The second point might make sense in theory, but it just fails to take into account the reality of American bankruptcy. The federal government’s $61.6 trillion in unfunded obligations is over four times as large as the annual GDP of the United States. It will never be paid, unless it is through either a massively inflationary policy — after which the US dollar will be worthless — or a tremendous slashing of the government’s budget. Using illegal immigrants as scapegoats for a failing welfare state is like trying to cool down the sun with an ice cube.
The third point — “they’re stealing our jobs!” — could be taken care of with the good, old-fashioned broken-window story. But there’s another possible approach here.
Republicans, unlike their left-wing counterparts, are not supposed to believe that everyone has the right to a job. Your opponent’s belief that illegal immigrants are “stealing American jobs” is inconsistent, because it implies that an American does, in fact, have the right to keep his job when his employer might want to give it to a different — quite frankly, more productive — individual.

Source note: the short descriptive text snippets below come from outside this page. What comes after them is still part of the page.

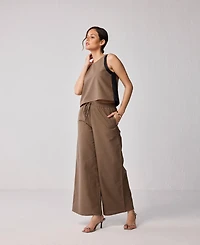 Reistor Women's Sleeveless Colorblock Top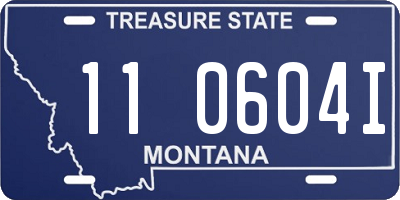 MT license plate 110604I
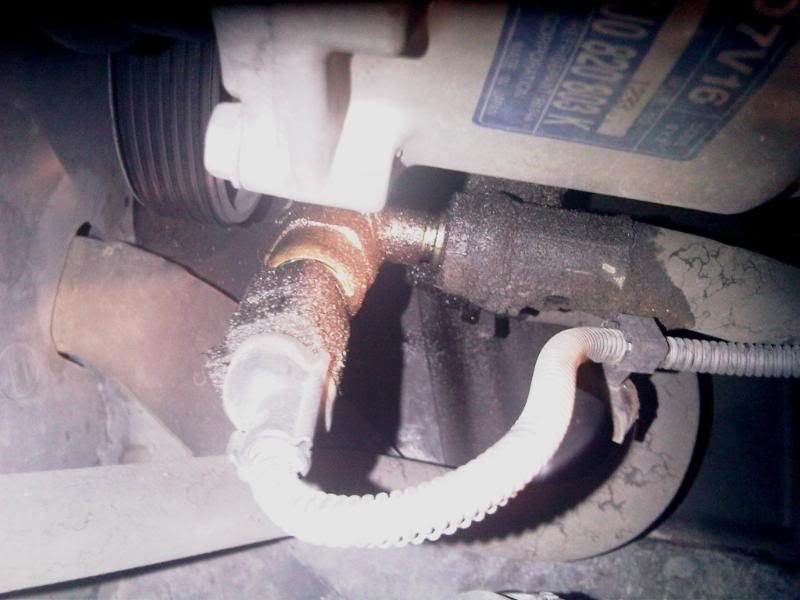 power steering fluid leaking Skoda Octavia Mk I (19962004) BRISKODA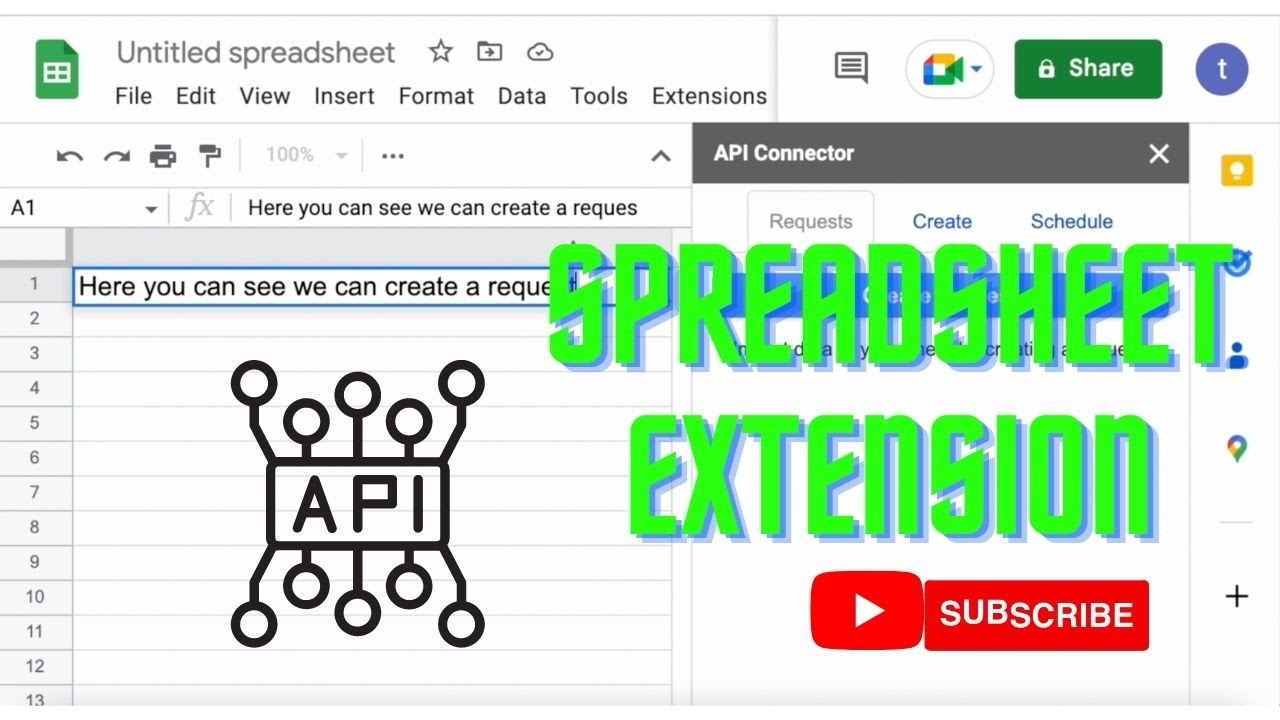Rest Api tutorial with spreadsheet extension Api connector 2023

Now you can paint these border hawks as unionists. The idea that people shouldn’t be allowed in the United States workforce unless they pay annual taxes (dues) and are legally accepted into the government’s system as citizens equates to the rules of membership in a union. So the US government forcibly unionizes its citizens — and will your opponent admit to being in favor of that?
Disagreeing in a nice, relaxed manner can win you the affection and respect of your opponent and your audience. Wait until the end of the debate to strongly attack your opponent; otherwise you’ll seem too aggressive throughout the entire thing. But then you can leave your opponent with an unanswerable, inescapable question, so that his final response is limited to a few words and an even less significant meaning.